Futures vs. Options: FAQs

  • What are “Call” and “Put” Contracts?

    A call futures contract is the same as any other type of call contract. It requires you to buy the underlying asset.

    A put contract, then, means you have to sell the underlying asset. These two terms – call and put – are used elsewhere for other types of stock market purchases with the same criteria.

    Meanwhile, a call option is an option where you buy a stock at a strike price before the expiration date and time.

    A put option contract is the option to sell a stock at a particular price before contract expiration.

  • Are Futures Really a Type of Option, or Something Different?

    No, futures aren’t just “types” of options, although both types of contracts are often misunderstood as similar to one another because of their focus on expiration dates. Both futures and options rely on expiration dates and times, at which point their agreed-upon price comes (potentially) into play.

    But it’s a little more accurate to say that options are more flexible types of futures that don’t require you to buy or sell when the expiration time comes around.

  • Which has More Leverage: Options or Futures?

    Futures markets usually involve much more leverage compared to options markets. This is actually an advantage for futures buyers and sellers, and especially for any risk-tolerant investors. High leverage means that investors without a lot of personal capital can still participate in high-cost markets.

    In short, leverage is the act of using borrowed money, like borrowed capital or different financial instruments, to increase the buying power you can use for potential profits. You can use more leverage to make higher purchases and make bigger investment returns. Of course, more leverage also comes with higher risk since you’re on the hook if those investments don’t pay off.

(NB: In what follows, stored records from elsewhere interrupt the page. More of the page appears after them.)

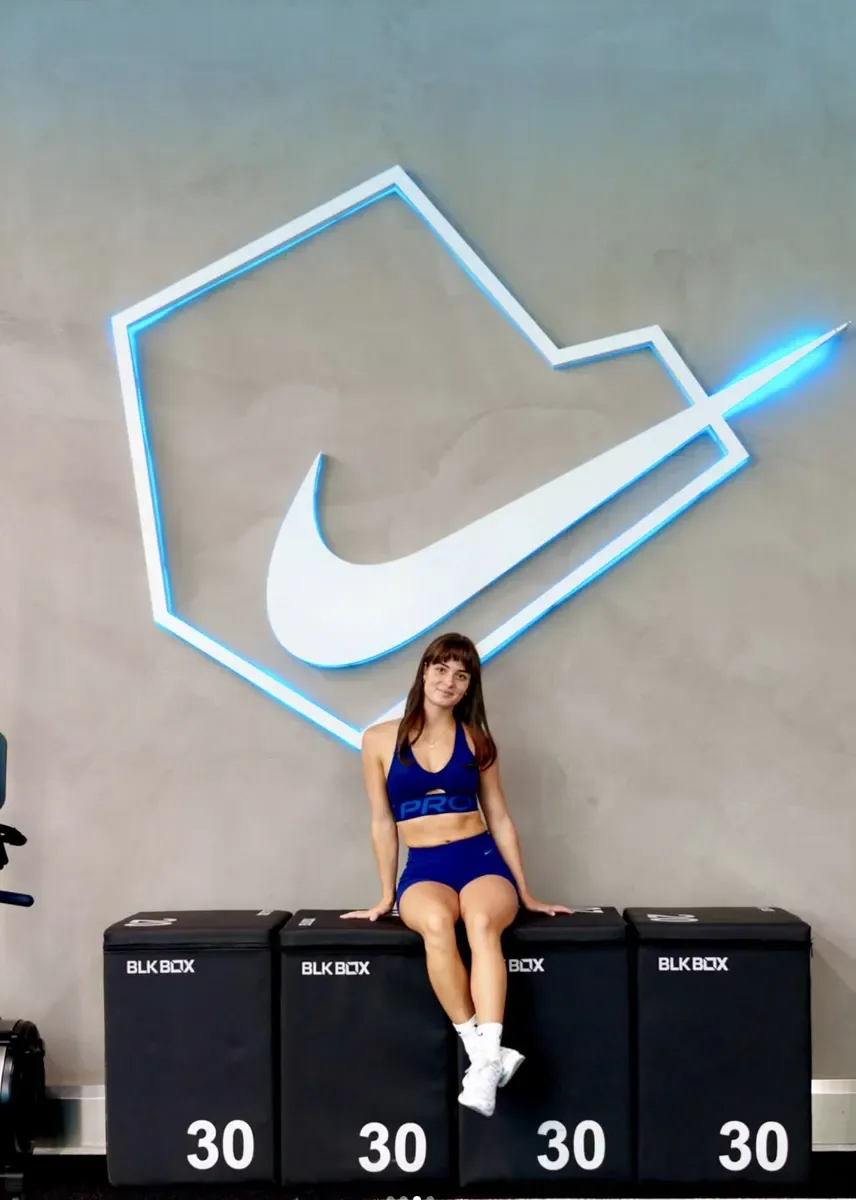 Anna Maria Costeanu in Nike training kit at Nike HQ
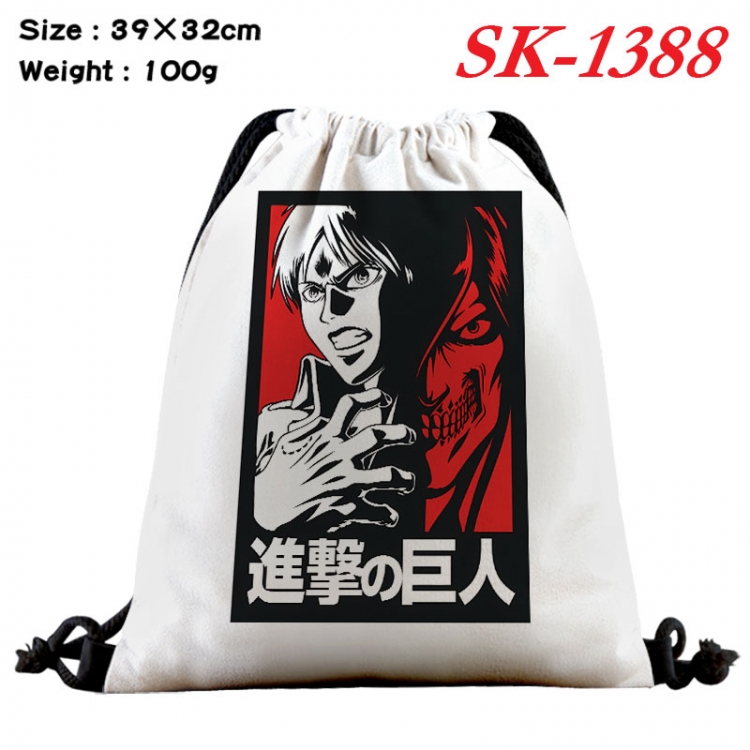 Shingeki no Kyojin cartoon Waterproof Nylon Full Color Drawstring Pocket 39x32cm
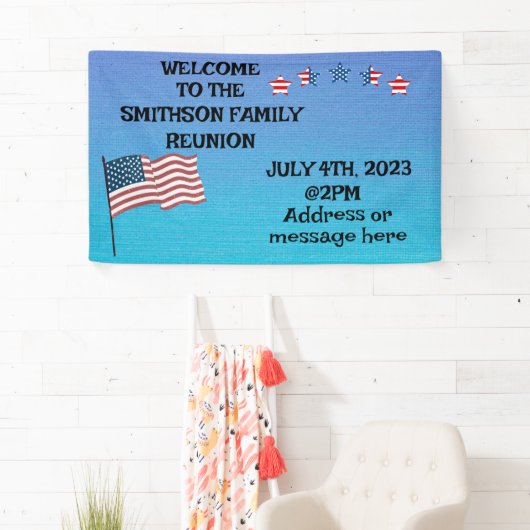 Familie Reünie Juli 4th thema Feest Spandoek (Insitu)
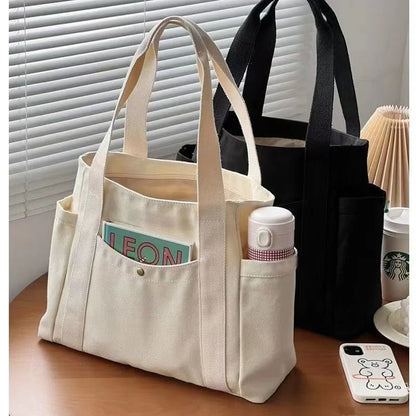 Sac fourre-tout en toile de grande capacité avec lettres unies, sac à main polyvalent pour le travail, les cours d'étudiant, sac de shopping pour femme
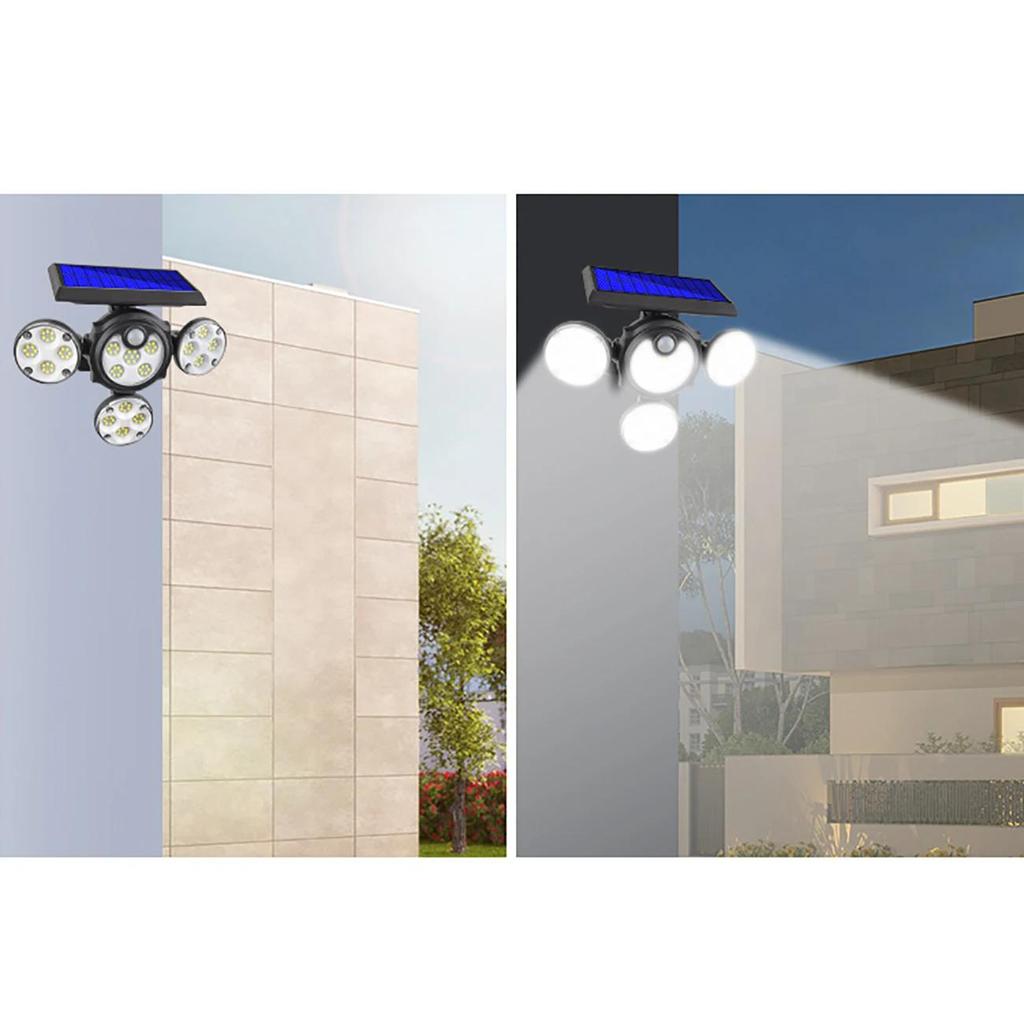 102 COB LED Solar Lights 4 Head Lamp PIR Motion Sensor Landscape Spotlights IP65 Waterproof Outdoor Lights Garden Decoration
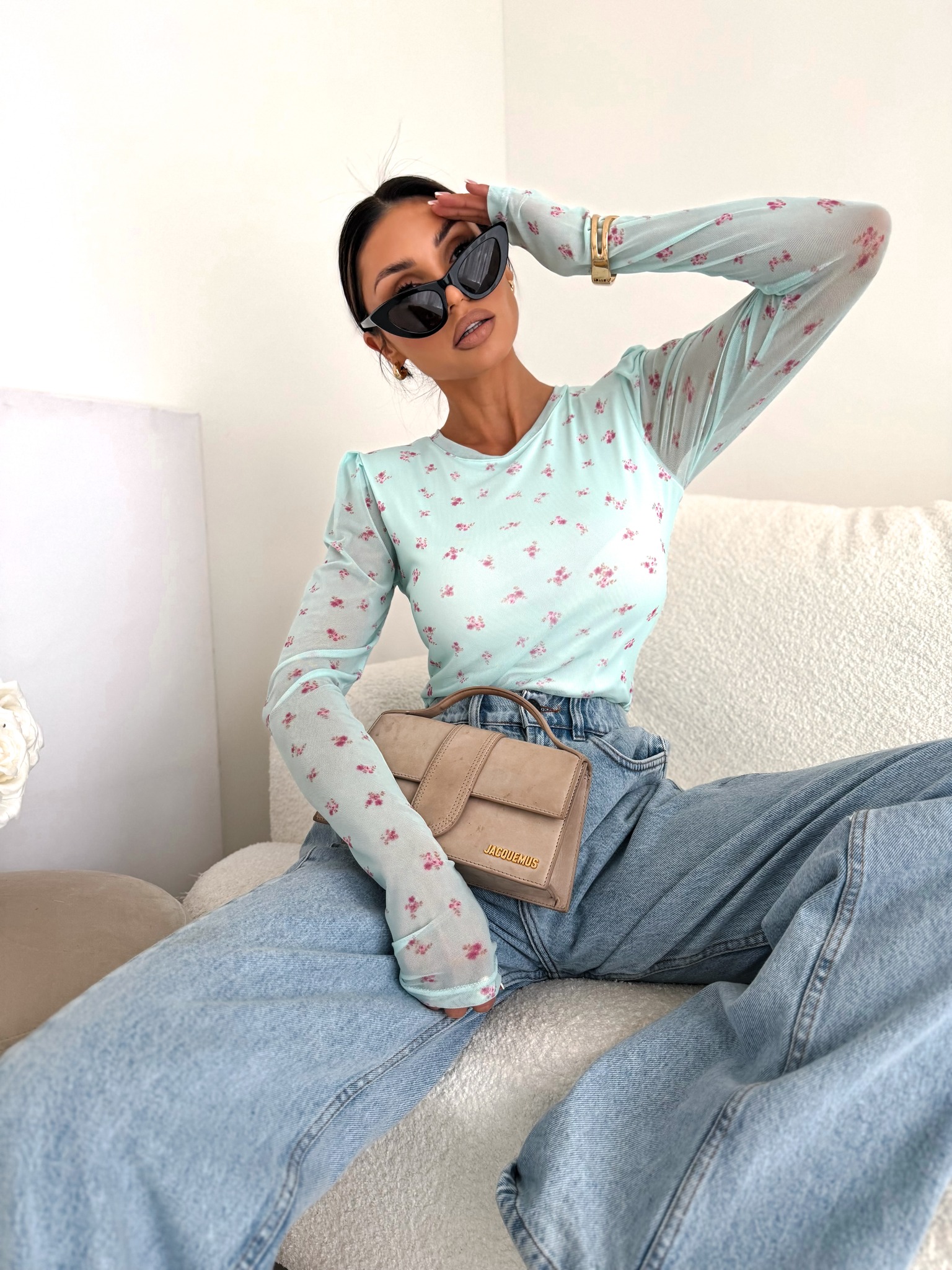 Bluzka z siateczki MIA w drobne kwiatuszki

  • Are Futures Riskier Than Options?

    It all depends on your perspective. From a certain point of view, options are “riskier” in the sense that they don’t lock you into a profitable transaction regardless of the stock market environment at the time of expiration.

    However, futures can be riskier overall if you don’t use them to guarantee margin profits or something similar. For instance, if you try to use futures contracts to play the market – say, by purchasing an oil future contract at $100 – you could open yourself up to risk if you don’t have the capital to pay that price when the expiration date comes around.

    In general, options are a little safer than futures if you don’t have a lot of investment capital. Remember, you only have to pay the premium to acquire the contract in the first place with options trading. You don’t have to go through with the trading price if things aren’t looking your way.

    This can minimize your trading losses over the long-term and lets you play the stock market all the while. Your potential profits get even better as you gain experience or if you use a top-tier options broker, such as iq option.

  • Which is More Profitable: Futures or Options?

    Technically speaking, options contracts are a little more profitable in the long-term for many people. That’s because your only required investment for an options contract is the premium you pay for the contract itself.

    Meanwhile, if you get lucky or you predict the market’s movement correctly, you can enjoy very high profits. The great thing about options is that, if the market moves against you, you can just exit with a very small loss.

    Futures can result in a huge profit if you lock in a great set of contracts with a buyer who gets unlucky. In the above example, you might make a $50 profit for every barrel of oil in your futures contract if the price for oil drops to $50 per barrel.

    But just remember that the same thing can happen to you if you try to use futures for anything other than trading commodities and currencies with the average market trend.